ROSA LEE BORAH, Plaintiff, against UNITED STATES OF AMERICA, Defendant.


The opinion of the court was delivered by: WEXLER

 WEXLER, District Judge

 Plaintiff Rosa Lee Borah brings this action against the United States under the Federal Tort Claims Act ("FTCA") based upon injuries suffered when she slipped and fell at the United States Merchant Marine Academy in Kings Point, New York (the "Academy") on September 12, 1994. Plaintiff works for Classico Contractors ("Classico") performing cleaning and maintenance activities. The alleged slip and fall took place while plaintiff was performing her duties for Classico at the Academy which is under contract to perform cleaning and maintenance services for the Academy. Prior to commencing this action, plaintiff sought and received worker's compensation benefits from Classico for her injuries. Defendant now brings a motion to dismiss under Rule 12(b)(6) of the Federal Rules of Civil Procedure claiming that plaintiff's exclusive remedy for this work related injury was her workers compensation benefits. However, the Court will treat the motion as one for summary judgement pursuant to Rule 56 since matters outside of the pleadings have been submitted by both parties. For the reasons stated below, defendant's motion is denied.

 I. BACKGROUND

 On September 12, 1994 plaintiff was working at the United States Merchant Marine Academy performing cleaning and maintenance services for her employer Classico. Pursuant to a contract dated September 28, 1990 (the "Contract"), Classico is responsible for the cleaning and maintenance services at the Academy. Plaintiff has been employed by Classico to perform services at the Academy since 1990.
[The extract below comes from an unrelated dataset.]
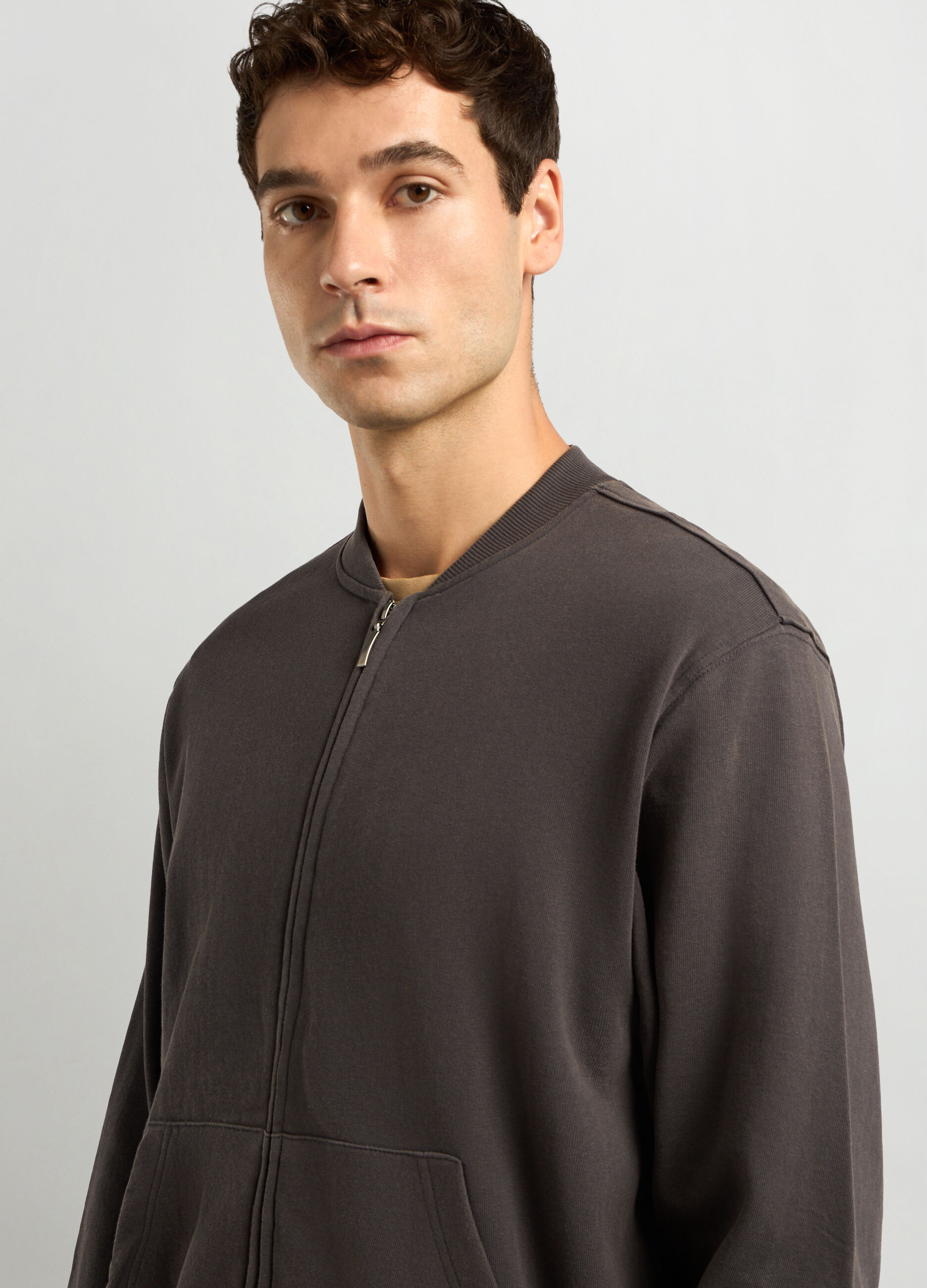 Felpa in puro cotone full zip uomo_2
 According to the Contract, Classico's responsibilities include: furnishing the necessary personnel, materials, equipment, services and facilities to perform its work; providing an on-site superintendent or supervisor; providing a supervisor necessary for management of Classico's operations; provide proper training and direction to Classico's workers in their individual tasks; maintaining and controlling Classico's employees' work and operation, including controlling the quality of the employees' work; overseeing its employee's competency, conduct and integrity, and if necessary, taking necessary disciplinary action that Classico in its discretion deemed necessary. In addition, the Contract required Classico to secure, pay for and keep in force Workers compensation insurance as required by law of the state.
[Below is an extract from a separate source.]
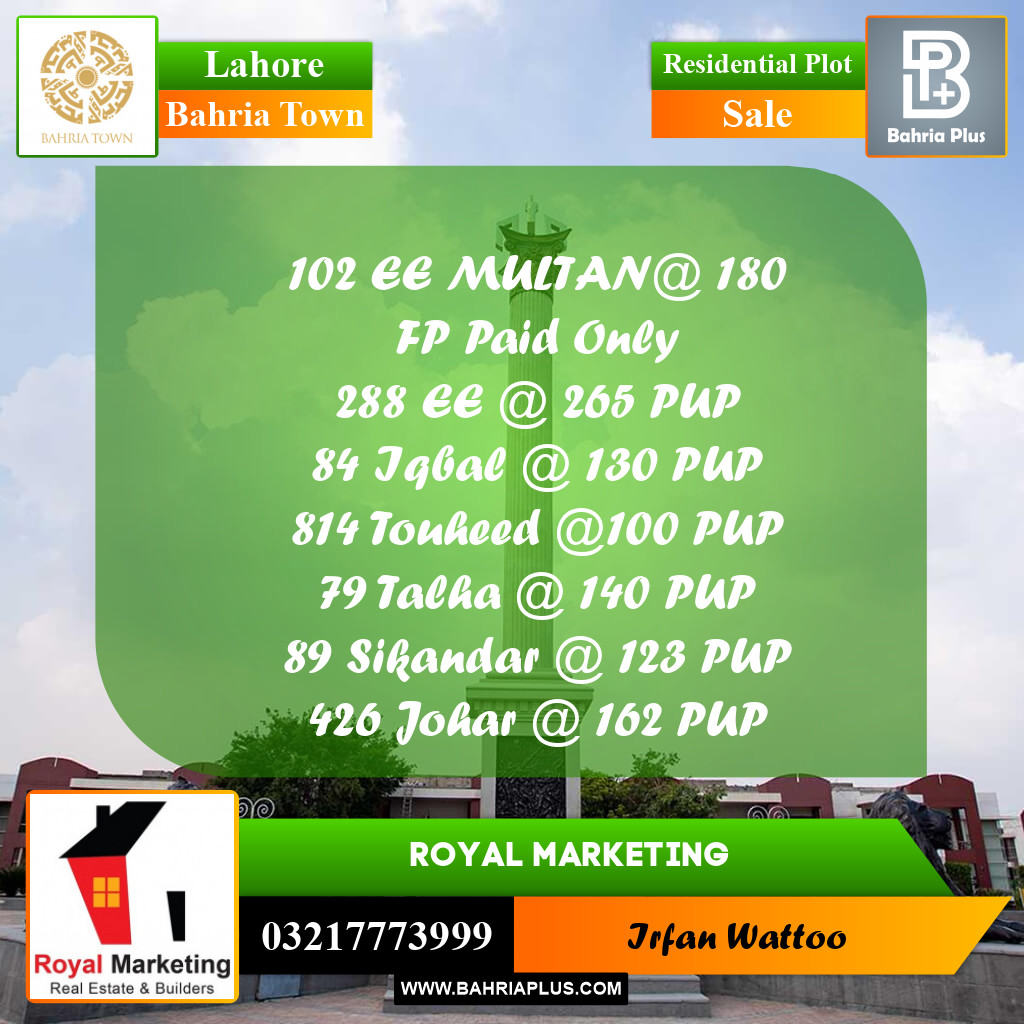 Residential Plot for Sale in Bahria Town, Lahore - (BP-213826)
 In her affidavit, Plaintiff states that when she began working for Classico, she was instructed by Classico's on site supervisor, Rose Neal, who was present at the Academy daily, that Ms. Neal would be her boss and that she was to report to Ms. Neal. Plaintiff received her daily work assignments from Ms. Neal who was located in Classico's office at the Academy. Plaintiff identifies several examples of interaction with Ms. Neal regarding her employment including, instructions as to where to work, instructions as to the materials to be used and not used and instructions to report anything out of the ordinary to Ms. Neal such as a locked bathroom. In addition, plaintiff's states that her required uniform read "Classico Cleaners" and her paychecks came from Classico. Ms. Neal held meetings regularly to communicate the results of her daily inspections of the work performed by Classico's employees. Lastly, Plaintiff denies ever receiving any direct supervision or feedback from any employee of the Academy.
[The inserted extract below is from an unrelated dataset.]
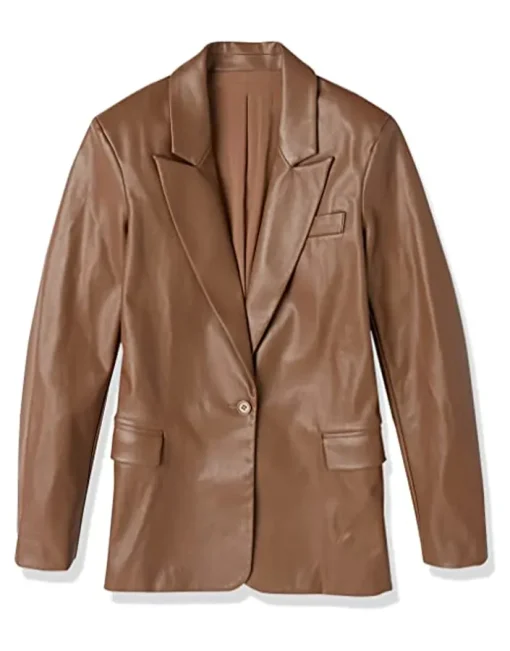 womens-trendy-coffee-brown-faux-leather-blazer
 According to James Amoroso, the Head of the Department of Administrative Services for the Academy, the Academy retained the authority to oversee and control the quality of Plaintiff's work. According to Amoroso, Bess Blumenfeld, an Academy employee, would regularly review Plaintiff's work and report any unsatisfactory work to Borah's immediate supervisor. He states that Blumenfeld had the authority to relocate and or terminate Plaintiff. Plaintiff was required to abide by the rules and regulations of the academy.

 II. DISCUSSION

 A party seeking summary judgement must demonstrate that "there is no genuine issue of any material fact and that the moving party is entitled to a judgement as a matter of law." Fed. R. Civ. P. 56(c). The nonmoving party may defeat the summary judgment motion by producing sufficient evidence to establish a genuine issue of material fact for trial. See Celotex Corp. V. Catrett, 477 U.S. 317, 322, 91 L. Ed. 2d 265, 106 S. Ct. 2548 (1986). In ruling on a motion for summary judgment, the court is required to resolve all ambiguities and draw all reasonable inferences in favor of the nonmoving party. See Donahue v. Windsor Locks Bd. Of Fire Comm'rs, 834 F.2d 54, 57 (2d Cir. 1987). However, "where the record taken as a whole could not lead a rational trier of fact to find for the nonmoving party, there is no 'genuine issue for trial.'" Matsushita Elec. Industrial Co. V. Zenith Radio Corp., 475 U.S. 574, 587, 89 L. Ed. 2d 538, 106 S. Ct. 1348 (1986).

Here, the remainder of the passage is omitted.